“I always felt it was unfair that someone who knows me could call me and get hooked up in to the system and get healthcare, and a lot of doctors feel that way, so what we’re trying to build is an ability is to feel like they have a doctor they can call,” says Dr. Norm Silver, the Co-founder and CEO of QDoc.
QDoc is a new free Winnipeg-made online tool that connects users with a doctor through a webcam in roughly 15 minutes. The goal is to match each patient with a local physician in their area, whether it’s a pediatrician or an OBGYN.
“Our whole being is to ensure equal access to quality medical care to all Canadians regardless of geographical location and socioeconomic status,” Silver says.
25 per cent of QDoc’s users are diverted from emergency departments and redirected to more appropriate types of care, helping to lessen the load on Manitoba’s overwhelmed healthcare system, he says.
“Why wouldn’t you want to connect to a doctor by video for free, if you have provincial healthcare, as opposed to going to a clinic or going to an emergency department if you don’t have to.”
Silver says the online tool is already rapidly expanding, with multiple pilot projects in the works.
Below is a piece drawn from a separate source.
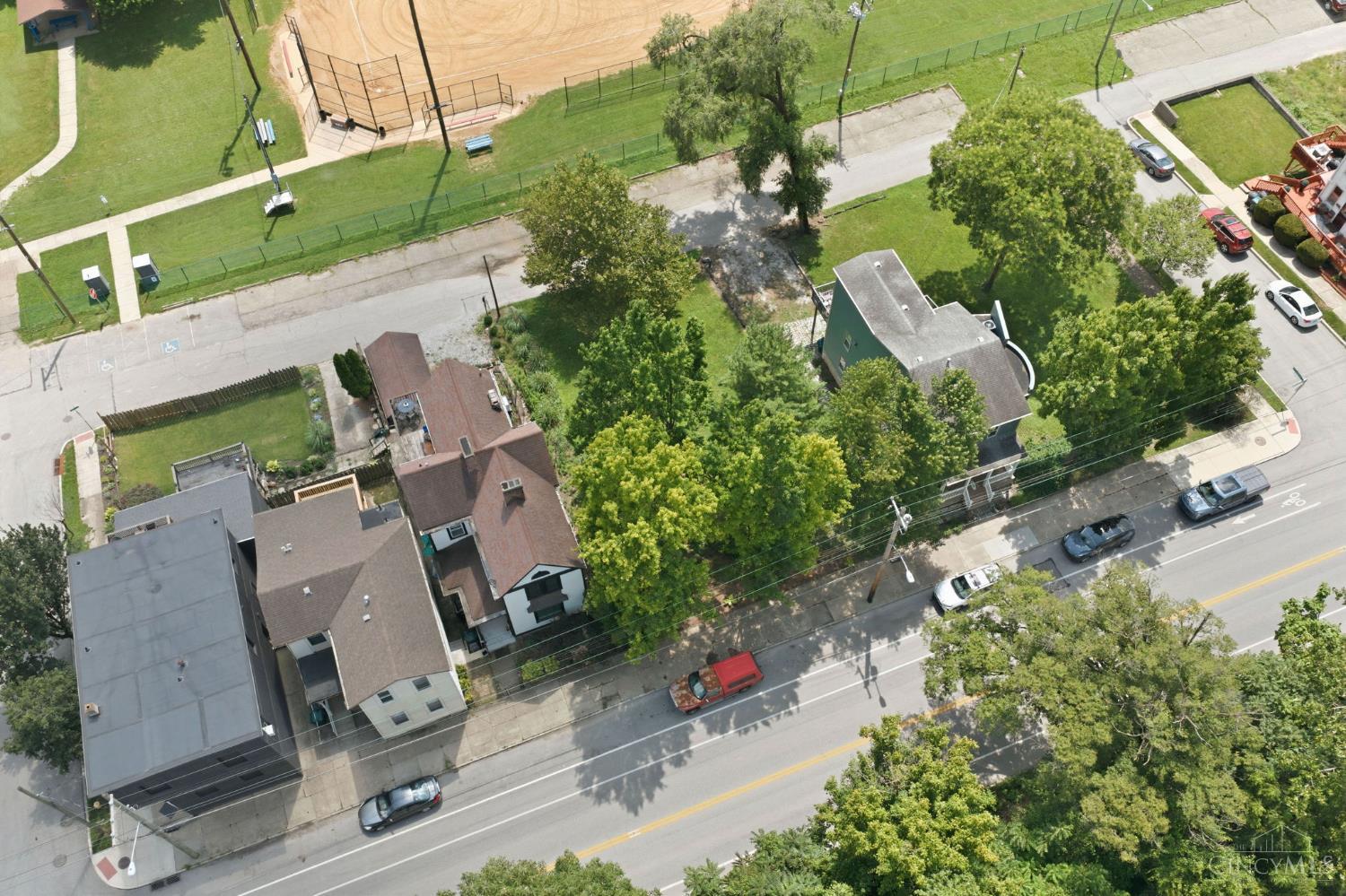 3035 Riverside Drive Cincinnati, OH 45226 - Photo 2 of 9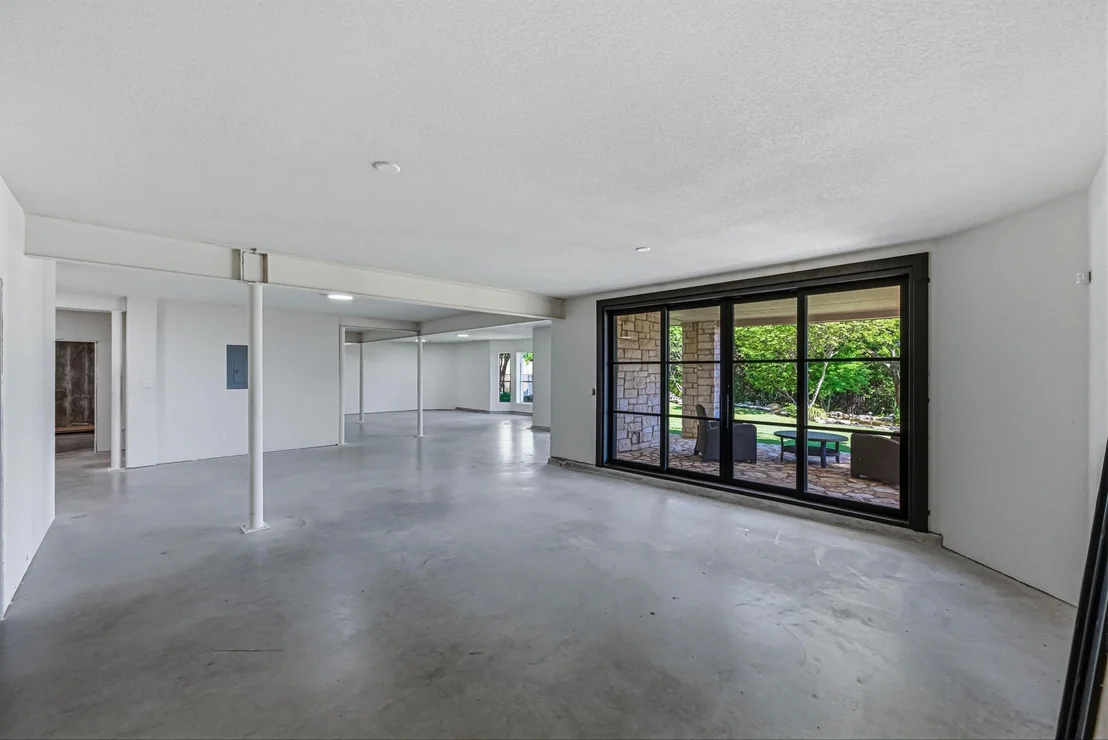 Photo of 115 Burgess LN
“We have a relationship with MKO and they’re looking for a nursing station so they can put QDoc in as a pilot to start servicing their communities.” He says. “We’re also working with Peguis First Nation, the Hodgson area and Fisher Branch to do a pilot to create a First Nation Community paramedicine service so that when an emergency vehicle gets to a person’s house they can connect directly to a doctor and it’s the doctor that takes care of that area will be accessed first.
Meanwhile inside Winnipeg, users are already benefiting from the service.
Marina Barnes is a busy Winnipeg mother who says the tool comes in handy with her children.
“I am a working mom with three kids so it’s really hard to find time to take time out of your day to find a doctor,” says Barnes.
A sick kid usually means a visit to the clinic for her family, but QDoc saved her the time and the trip.
“I got to talk to a doctor. He assessed the situation. I had an appointment the next day for an xray for my kid and it was resolved just like that,” says Barnes.
The free tool has proven to be popular outside of Winnipeg as well, where many rural and northern communities lack timely access to healthcare services.
“It’s not meant to replace obviously in-person care, but we’re facing realities of (folks desperate) for services…,” says Co-founder and Chief of Technology, David Berkowits.
Berkowits developed the software for the program, where patients have the option to share details of the virtual visit with their family physician, something he calls a way of the future.
“As someone who’s been in this business for thirty years, trying to integrate healthcare records, that is fundamental and core for what we’re building, he says.
So far there are 25 doctors on board, with the hope of recruiting 150 more.